ANESTHETIC PHARMACOLOGY

Alpha-2 Adrenoceptor Activity Affects Propofol-Induced Sleep Time

Tetsuya Kushikata, MD, Kazuyoshi Hirota, MD, Hitoshi Yoshida, MD, Takeshi Kubota, MD, Hironori Ishihara, MD, and Akitomo Matsuki, MD

Department of Anesthesiology, University of Hirosaki School of Medicine, Japan

Address correspondence and reprint requests to Tetsuya Kushikata, MD, Department of Anesthesiology, University of Hirosaki School of Medicine, 5 Zaifu-cho, Hirosaki, Japan. Address e-mail to tkush{at}df6.so-net.ne.jp

{alpha}2 Adrenoceptor activity is involved in the mechanism of anesthesia. Clonidine, a {alpha}2 adrenoceptor agonist, and yohimbine, a {alpha}2 adrenoceptor antagonist, increase and decrease barbiturate-induced sleep times. In this study, we examined the effects of these drugs on propofol-induced sleep time. One-hundred-eighteen male Wistar rats weighing 320–400 g were used. Rats received saline, yohimbine (1, 0.1, or 0 mg/kg), or clonidine (300, 30, 3, or 0 µg/kg) intraperitoneally followed by 60 mg/kg of propofol in various combinations. In two series of experiments, either sleep time or prefrontal cortex norepinephrine release (microdialysis) was measured. One milligram/kilogram of yohimbine decreased propofol-induced sleep time to approximately 70% of control, and this was accompanied by an increase in perfusate norepinephrine of approximately 240% of control. Clonidine increased sleep time approximately 260% (300 µg/kg) and approximately 170% (30 µg/kg), and this was accompanied by a decrease (approximately 60% in both doses) in perfusate norepinephrine. In the present study, we show that the {alpha}2 antagonist, yohimbine, decreased and the {alpha}2 agonist, clonidine, increased propofol-induced sleep times. These changes were essentially mirrored in both groups by changes in norepinephrine release in the prefrontal cortex.

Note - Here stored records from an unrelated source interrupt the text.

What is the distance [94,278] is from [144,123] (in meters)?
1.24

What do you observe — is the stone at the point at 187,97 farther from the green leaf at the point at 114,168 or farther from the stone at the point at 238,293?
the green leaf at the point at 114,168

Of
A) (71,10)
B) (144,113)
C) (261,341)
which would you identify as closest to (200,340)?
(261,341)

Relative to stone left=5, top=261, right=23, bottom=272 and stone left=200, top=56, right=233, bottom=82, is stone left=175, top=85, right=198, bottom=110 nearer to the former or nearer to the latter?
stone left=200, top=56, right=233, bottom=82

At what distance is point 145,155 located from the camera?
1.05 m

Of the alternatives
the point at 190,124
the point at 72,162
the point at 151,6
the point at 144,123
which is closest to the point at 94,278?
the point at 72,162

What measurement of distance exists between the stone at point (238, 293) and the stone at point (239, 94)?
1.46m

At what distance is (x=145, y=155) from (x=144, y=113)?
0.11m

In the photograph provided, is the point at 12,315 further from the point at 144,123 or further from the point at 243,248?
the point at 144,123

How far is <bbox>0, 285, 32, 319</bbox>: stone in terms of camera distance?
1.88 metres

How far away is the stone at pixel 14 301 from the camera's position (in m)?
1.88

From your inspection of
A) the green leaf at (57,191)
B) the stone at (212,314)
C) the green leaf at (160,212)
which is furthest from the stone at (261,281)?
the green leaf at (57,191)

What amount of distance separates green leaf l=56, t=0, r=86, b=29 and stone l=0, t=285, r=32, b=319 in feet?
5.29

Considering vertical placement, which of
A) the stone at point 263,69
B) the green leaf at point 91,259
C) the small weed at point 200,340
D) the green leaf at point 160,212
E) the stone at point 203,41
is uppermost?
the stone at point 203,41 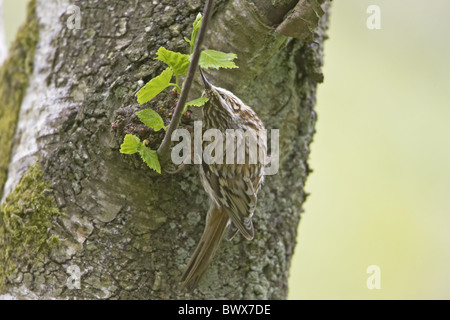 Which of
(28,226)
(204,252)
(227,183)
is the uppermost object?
(227,183)

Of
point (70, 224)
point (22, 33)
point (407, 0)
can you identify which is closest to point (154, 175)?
Answer: point (70, 224)

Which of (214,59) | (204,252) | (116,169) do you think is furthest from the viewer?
(204,252)

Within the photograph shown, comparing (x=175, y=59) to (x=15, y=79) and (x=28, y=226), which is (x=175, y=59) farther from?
(x=15, y=79)

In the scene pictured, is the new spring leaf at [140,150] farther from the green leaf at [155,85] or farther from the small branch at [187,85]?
the green leaf at [155,85]

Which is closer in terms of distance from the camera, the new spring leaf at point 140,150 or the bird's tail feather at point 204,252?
the new spring leaf at point 140,150

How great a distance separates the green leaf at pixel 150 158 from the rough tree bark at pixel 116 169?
0.24 feet

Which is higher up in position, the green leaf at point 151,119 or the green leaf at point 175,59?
the green leaf at point 175,59

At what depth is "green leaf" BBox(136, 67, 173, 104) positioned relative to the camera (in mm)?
1425

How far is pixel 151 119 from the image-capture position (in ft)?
4.85

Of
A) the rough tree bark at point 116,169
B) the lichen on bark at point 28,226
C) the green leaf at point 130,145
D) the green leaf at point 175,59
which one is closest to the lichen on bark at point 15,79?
the rough tree bark at point 116,169

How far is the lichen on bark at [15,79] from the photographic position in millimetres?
2043

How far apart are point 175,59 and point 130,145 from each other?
0.29m

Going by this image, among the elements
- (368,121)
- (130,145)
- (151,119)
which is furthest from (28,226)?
(368,121)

IMPLICATIONS: Central {alpha}2 adrenoceptor is thought to be involved in several IV anesthetics-induced sleep. In this study, activation of the receptor increased the propofol-induced sleep time, whereas its inhibition decreased the sleep time. The results provide further evidence that the {alpha}2 receptor is a good tool to elucidate the mechanism of anesthetics-induced sleep.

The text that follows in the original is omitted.